When the Bellingham Fire Department arrived, massive amounts of gasoline had turned the creek pink, and the fumes were overwhelming. The fire department notified Olympic Pipeline of the leak and evacuated the area around the creek.

The gasoline ignited at 5:02 p.m. The black smoke plume extended to an altitude of 30000 ft and the smoke from the explosion was visible from Vancouver to Anacortes. The fire exceeded 2000 F. Local businesses were evacuated, Interstate 5 was closed to traffic, and the Coast Guard stopped maritime traffic in Bellingham Bay in anticipation of the fire travelling the entire length of the creek. However, the fire never extended past Interstate 5.

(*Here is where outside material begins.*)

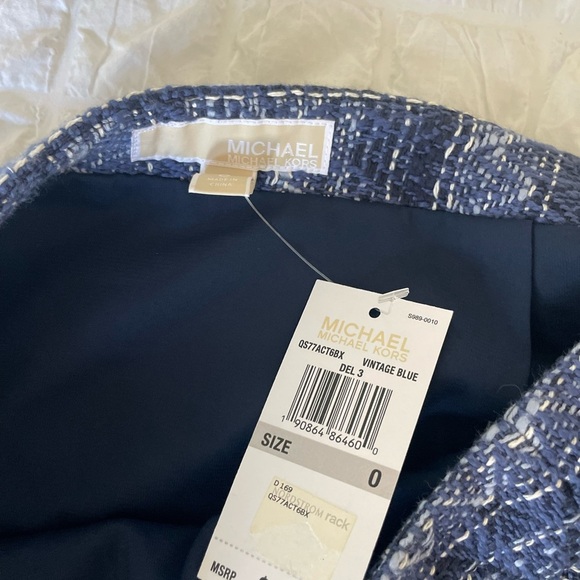 Michael Kors Tweed Blue and White Mini Pencil Skirt - Picture 4 of 9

Emergency responders stopped most of the fires by 6:30 p.m.; the smoke dissipated by 7:00.

==Victims==
Three people died in the incident. The first was Liam Wood, 18, who was fly fishing in the creek. He was rendered unconscious by the fumes and fell into the creek, drowning before the explosion. Two children, Wade King and Stephen Tsiorvas, both ten years old, were playing near the creek confluence during the incident. Both survived the fire, but sustained severe burns, dying the next day at Harborview Medical Center in Seattle. There were eight related injuries. King's parents donated $400,000 to the Bellingham School District, and in 2007 Wade King Elementary School was named in his memory.

==Damage==
Property damage was estimated at $58,455,927, most of it caused by the explosion. Many nearby buildings had broken windows. One house was completely destroyed. The city's water treatment plant was near the explosion site, and while the building itself survived, everything inside was destroyed. The rupture allowed 277000 USgal of gasoline to escape into the creek bed. Bellingham water treatment personnel were forced to manually add water treatment chemicals to keep the water supply safe until the plant could be rebuilt.

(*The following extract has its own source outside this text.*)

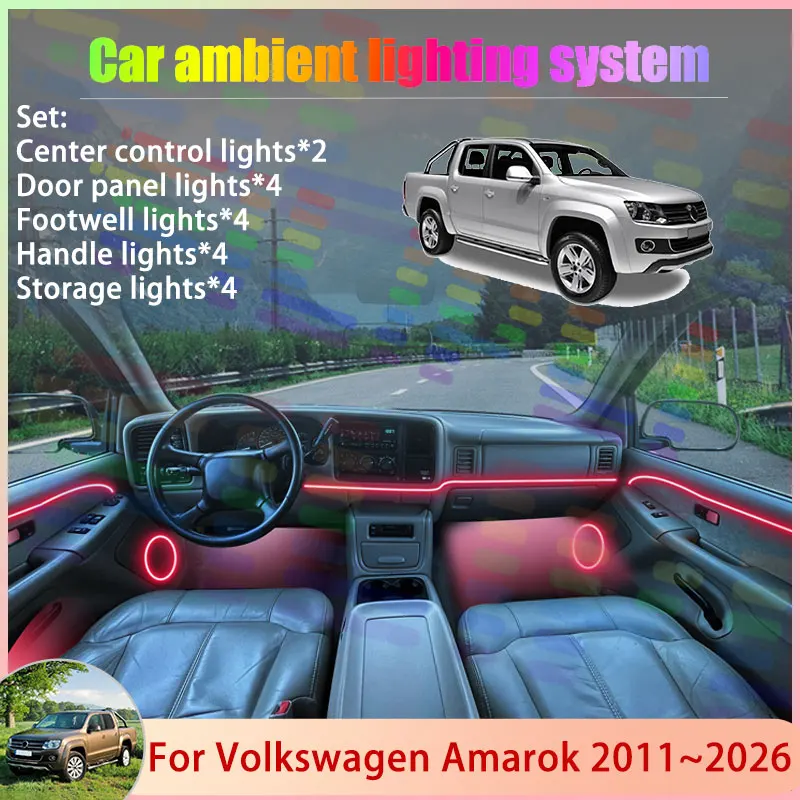 

For Volkswagen Amarok 2011~2026 2H 2F MK1 2/24 in 1 Car Atmosphere Light Lamp RGB Shade Ensemble Streamer Atmosphere Set Auto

Authorities all noted that the destruction and death toll were much lower than would be expected from such a large explosion. This was due to the explosion being centered in a large, forested park; the fires mostly staying in Whatcom Creek; and the ignition occurring before more gasoline had leaked, which would have resulted in a much larger explosion. The cause of ignition was determined by Bellingham Fire Dept. to be a butane lighter in the possession of King and Tsiorvas.

==Investigation==
After a three-year investigation, investigators pointed to a series of failures, and not just a single error, most of which were the fault of Olympic Pipeline. Olympic Pipeline had failed to properly train employees and had to contend with a faulty computer SCADA system and pressure relief valve. In 1994, five years before the accident, an IMCO Construction crew, working on behalf of the City of Bellingham, damaged the pipeline while constructing the city's water treatment plant and failed to notify officials about the damage. Subsequently, Olympic Pipeline failed to find or repair the damage.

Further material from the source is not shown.